In the dream, Irfan lived in a small but comfortable one bedroom apartment somewhere in urban New Jersey. I happened to be in the neighborhood, so I was headed to his place, but some kids stopped me on the way. They figured I looked like the sort of middle aged guy who wandered through their neighborhood looking to buy drugs, and they told me that this dude Irfan had good drugs to sell. Knowing Irfan, I had two thoughts: first, he is probably not selling drugs out of his apartment (but maybe he’s that desperate?); second, with his history of interaction with the police, the rumor that he’s selling drugs out of his apartment might get him into some serious trouble. So I thanked the boys and proceeded to Irfan’s apartment to ask him about this rumor. I figured that he’d want to know that his neighbor kids were telling random strangers that he sells drugs, whether it was true or not.

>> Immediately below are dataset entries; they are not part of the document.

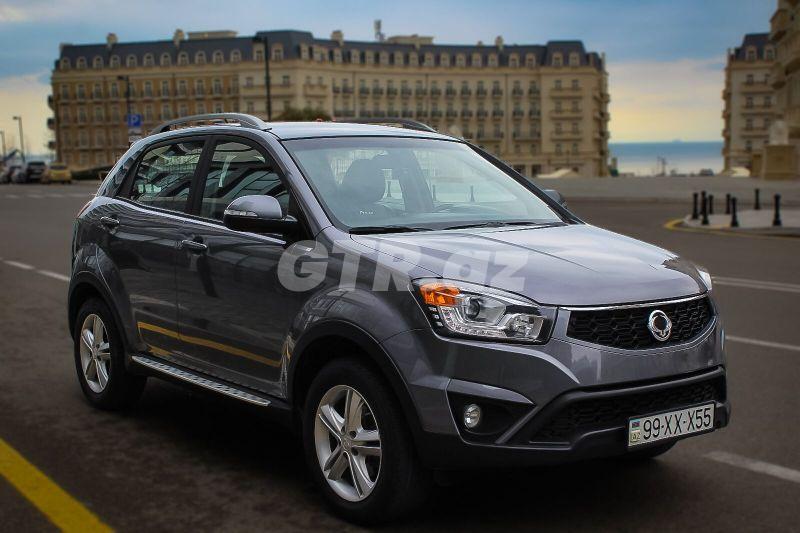 SsangYong Korando 2.0 L, 2013, 180 000 km — Avtomobillər, Bakı (3)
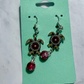 Brown/Red Turtle Dangle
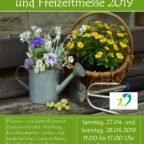 Programm 4. Garten- und Freizeitmesse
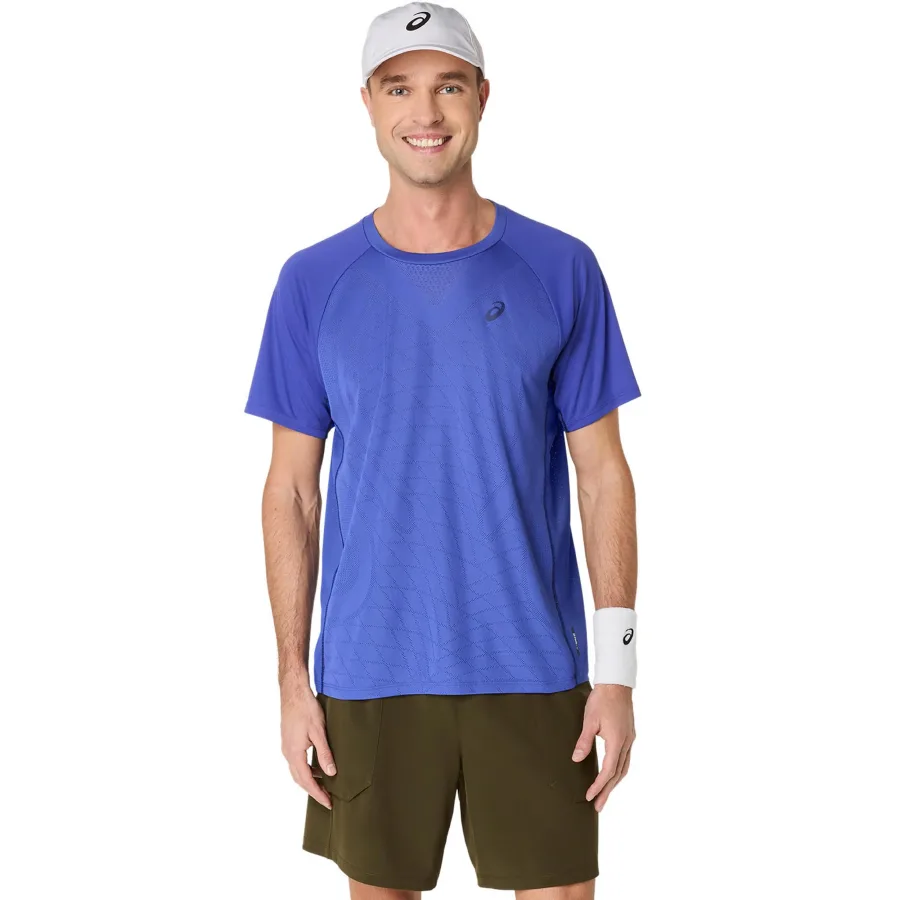 ASICS Match Actibreeze T-Shirt Herren-Blau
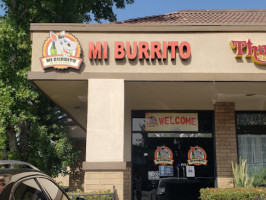 Mi Burrito Mexican Grill outside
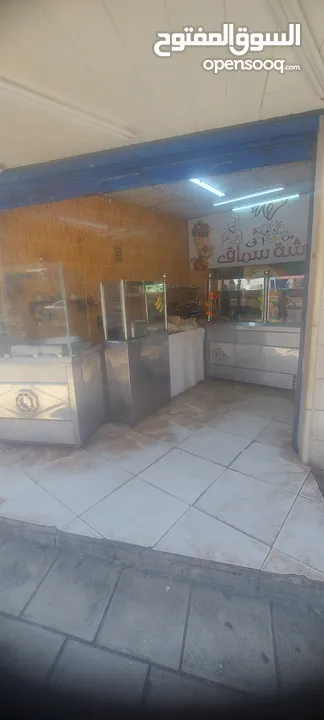مطعم للبيع كاش او اقساط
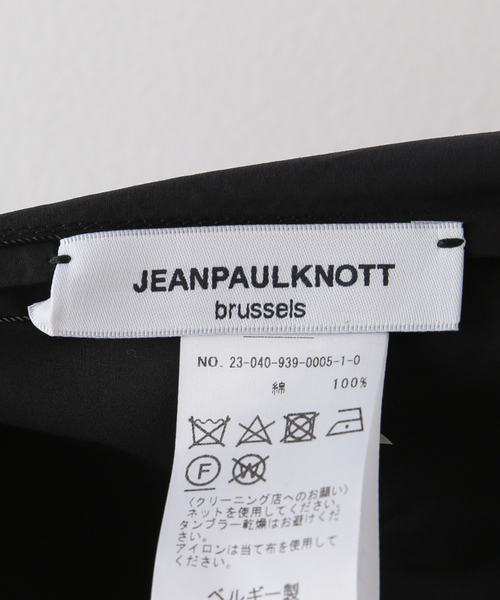セール】【JEAN PAUL KNOTT/ジャンポールノット】PAREO SHIRT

When I got there, Irfan wasn’t home. The situation seemed pretty urgent, though, so I thought I had to act fast. I knew that the lock on his door wasn’t particularly strong, and that if I just leaned into it pretty heavily at the right spot, it’d pop open without breaking anything. So I bumped into the door, and sure enough, it opened up. I found some paper and a pencil to write him a note, but I figured I shouldn’t leave any evidence that would incriminate him, whether the charges were true or not. So I wrote the note in Latin. That way only he’d know what I’d written.
Before I left, though, Irfan returned. He was furious to find me in his apartment and proceeded to lecture me on property rights and boundary transgressions. Soon enough, more serious matters arose. I didn’t even have time to tell him about the rumor that he was selling drugs, because he didn’t have time to listen to it. He was, he now revealed to me, leading a team that was fighting Michael Myers — yes, that Michael Myers:
In fact, he was surprised and a bit irritated that I hadn’t already figured out that he was part of the fight against Michael Myers. He had, after all, starred alongside Jamie Lee Curtis in the most recent installment of the Halloween franchise, so it wouldn’t have been hard for me to infer that he was in the process of a career shift. He gathered some weapons from his closet and told me to lock the door behind me and not to break into his place again.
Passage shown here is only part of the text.